▶ About this task: The required output is an exact restatement of the lines, starting with the one that contains "Alfa With Free Parking For Cars Varna" and finishing with the last line of the listing. It contains no pictures.

▶ Listed records:

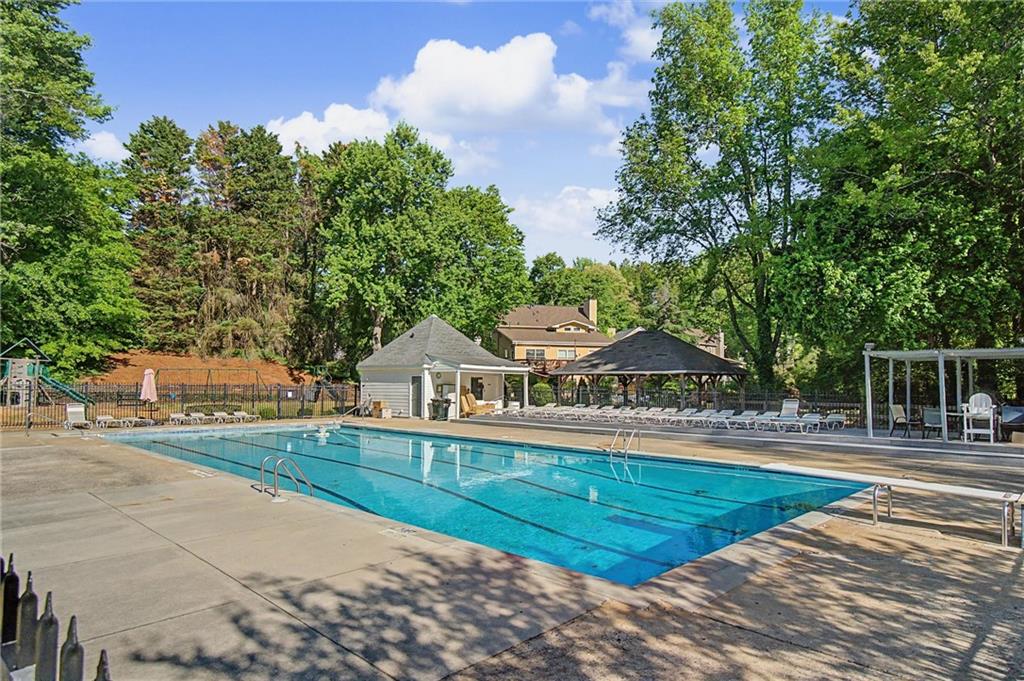 3311 Woodleaf Way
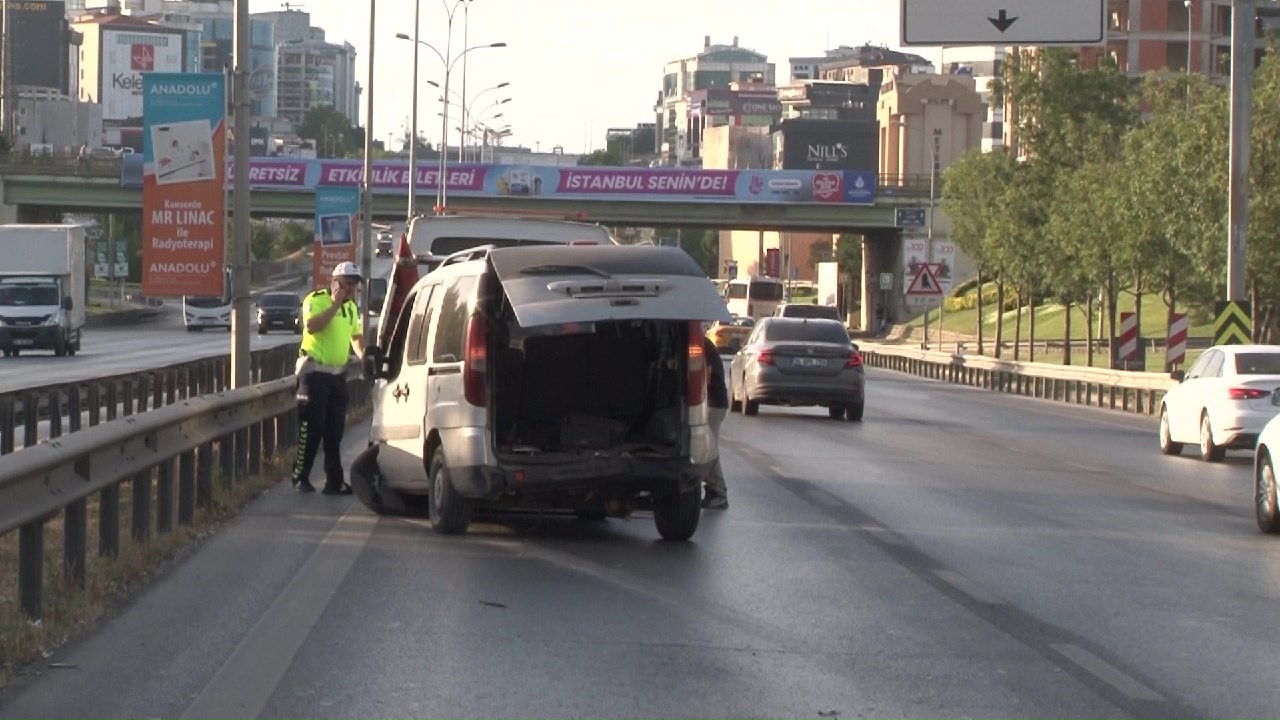 Maltepe’de kaza yapan araç sürücüsü olay yerinden kaçtı
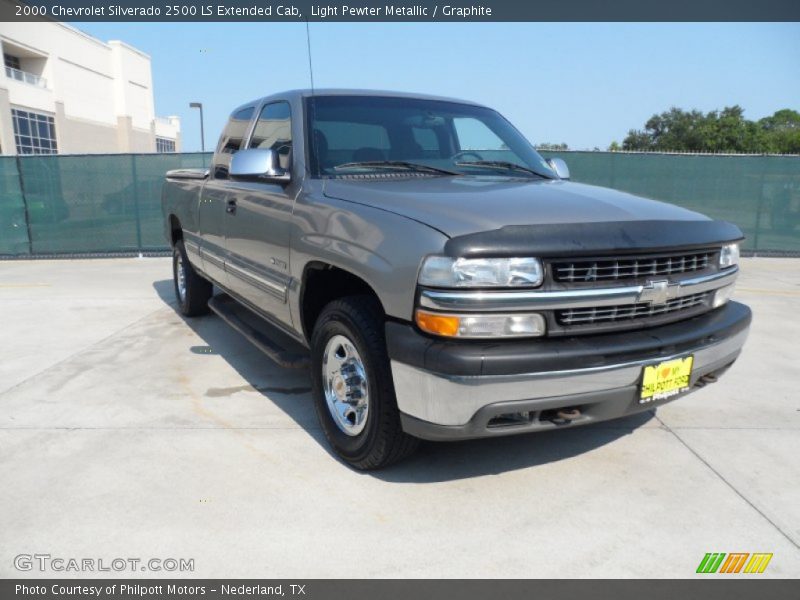 Light Pewter Metallic / Graphite 2000 Chevrolet Silverado 2500 LS Extended Cab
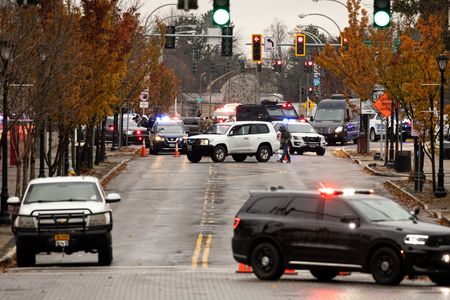 米・カナダ国境で車爆発、2人死亡　爆弾の可能性は否定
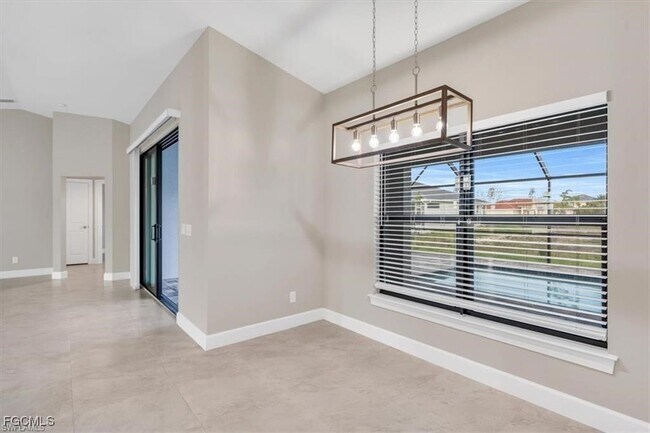 Building Photo - 1241 NW 37th Pl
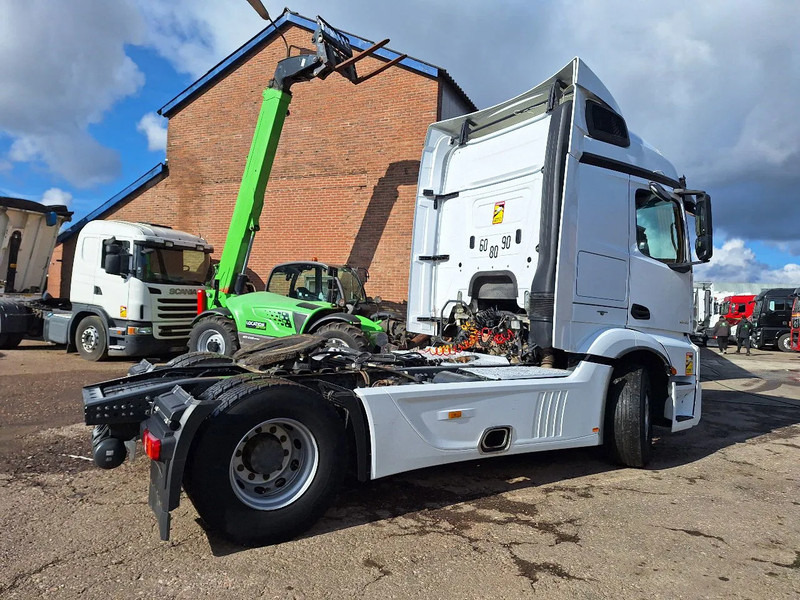 Mercedes-Benz Actros 1845 Actros 1845 - 트랙터 유닛 : 사진 4 Mercedes-Benz Actros 1845 Actros 1845 - 트랙터 유닛 : 사진 4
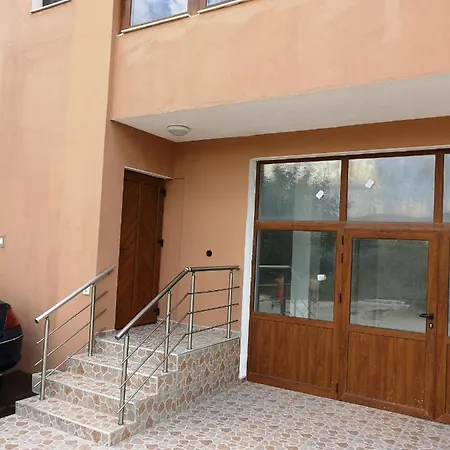 Alfa With Free Parking For Cars Varna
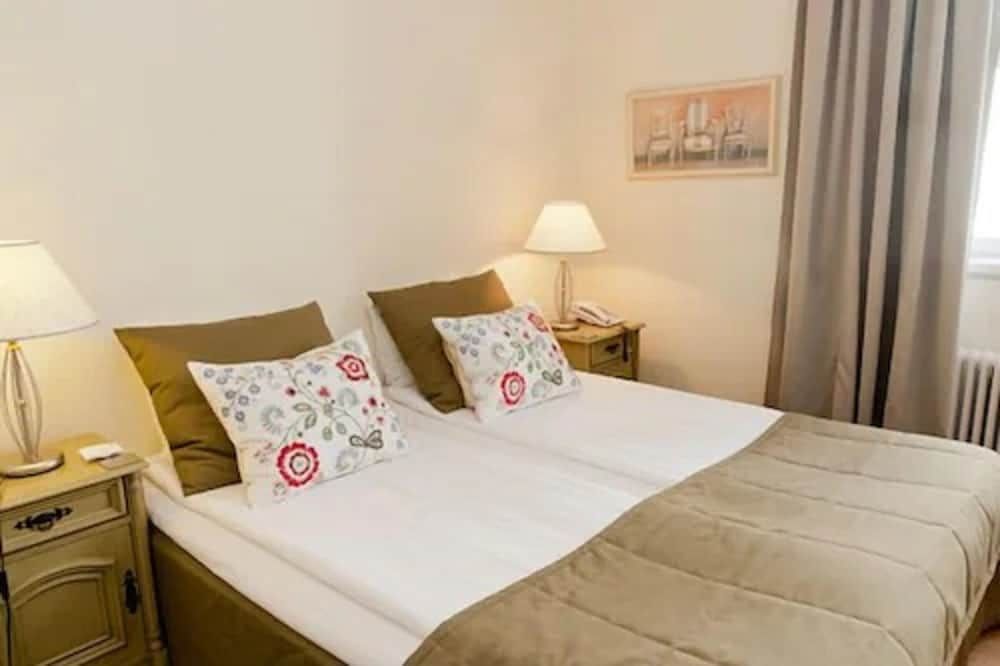 Frimurarehotellet, Sure Hotel Collection by Best Western Standard Room, 1 King Bed, Non Smoking 8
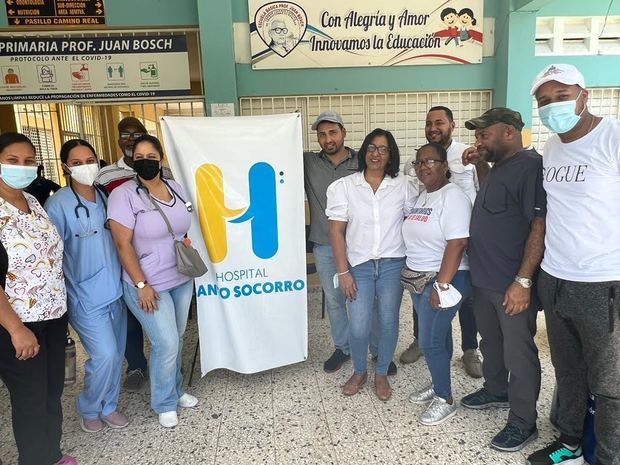  La Dra. Mabel Jones junto a colaboradores en el operativo médico.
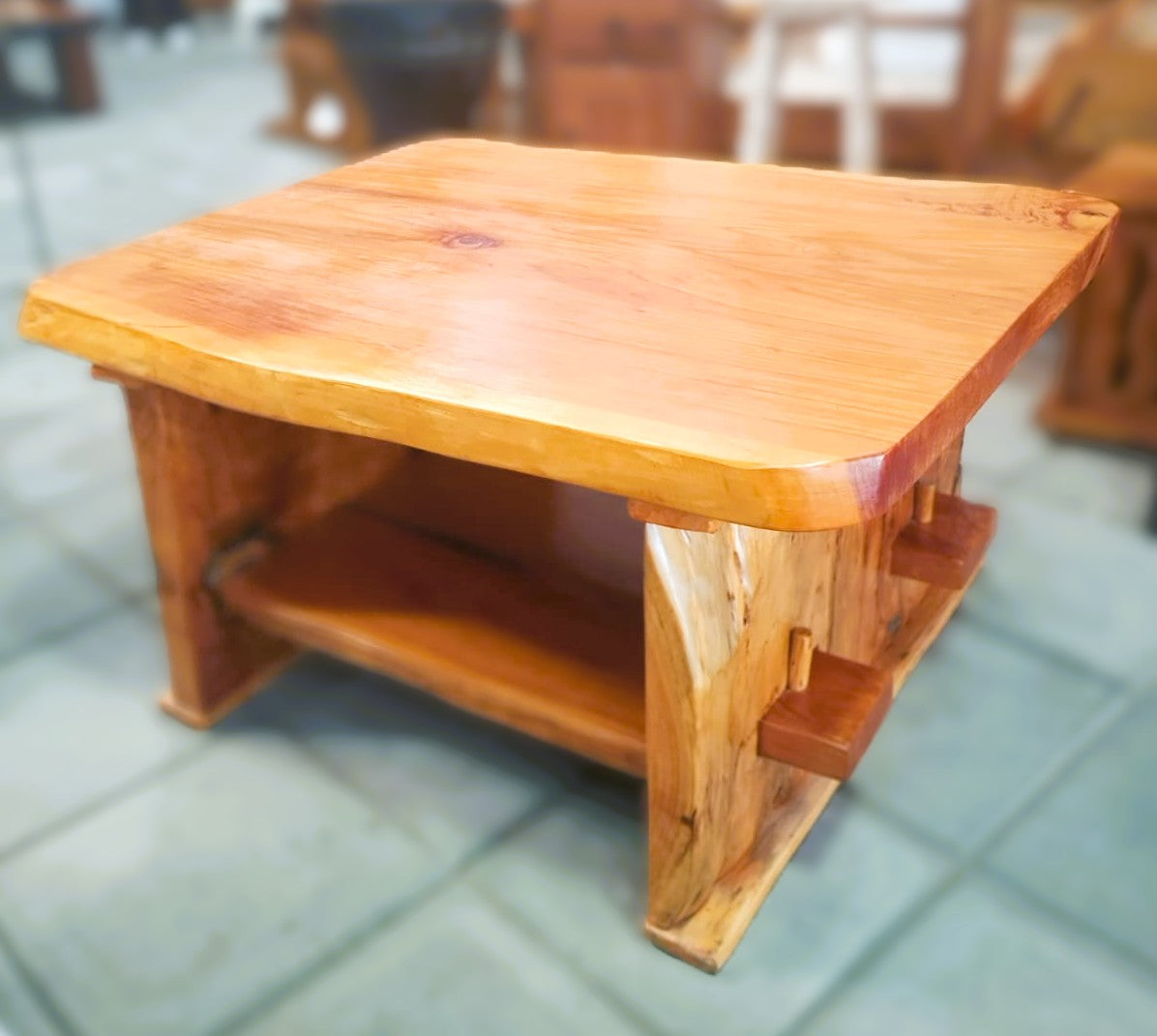 🌲 Mesa de Centro en Madera de Ciprés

▶ Worked solution:
 Alfa With Free Parking For Cars Varna
 Frimurarehotellet, Sure Hotel Collection by Best Western Standard Room, 1 King Bed, Non Smoking 8
  La Dra. Mabel Jones junto a colaboradores en el operativo médico.
 🌲 Mesa de Centro en Madera de Ciprés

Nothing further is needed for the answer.